A postcard image of the Pass of Keimaneigh (in Irish 'Céim an Fhia') in the Shehy Mountains in County Cork. Printed annotation on the reverse reads 'Real Photo by Mason, Dublin'.
A view of Dunlewey Lough and the ruins of old Dunlewey Church in County Donegal. The photograph was taken on the slopes of Errigal. The ruined church was formerly a Church of Ireland (Anglican) chapel of ease, built in about 1853.
Two views of the annual Easter commemoration at Arbour Hill Cemetery, Dublin, for the 1916 Rising leaders. The photographs probably show a commemoration ceremony held in the early 1950s.
A view of a group of pilgrims at Gougane Barra in County Cork in 1910. The photograph shows (second on the left) Fr. Huxley, the parish priest who was responsible for building the present-day oratory at Gougane Barra.
An image of a large group of Irish pilgrims at an audience with Pope Pius XII (1876-1958) at Castel Gandolfo just outside Rome on 20 September 1953. The pilgrims are members of the Third Order of St. Francis, a religious fraternity of lay men and women attached to the Franciscan Friary on Merchants’ Quay in Dublin. Several Franciscan friars (Order of Friars Minor) can be seen in the image. The individual (with the spectacles) immediately to the right of Pius XII is William MacNeely (1889-1963), the Bishop of Raphoe from 1923 until 1963.
A passenger liner off the coast at Dún Laoghaire in County Dublin on 24 June 1932. A caption on the reverse of the image (credited to the Irish Army Air Corps) notes that ship’s arrival at the port was associated with the 31st International Eucharistic Congress (22-26 June 1932).
An image of a turf gatherer.
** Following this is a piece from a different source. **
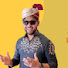kK2FC-Jw3zk-channel-avatar-curry_boy_mamun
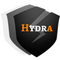 Hydra icon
A typescript caption on the reverse of the print reads ‘Turf: one seventh of Ireland is covered with turf, varying from one or two feet to twenty feet in depth’. The image is credited to Charles C. Fennell, Dundrum, County Dublin.
A view of the scenery around Mizen Head in County Cork, Ireland’s most south-westerly point, in about 1950. The building perched on the top of the cliff is Mizen Head Fog Signal Station built by the Commissioners of Irish Lights in 1906.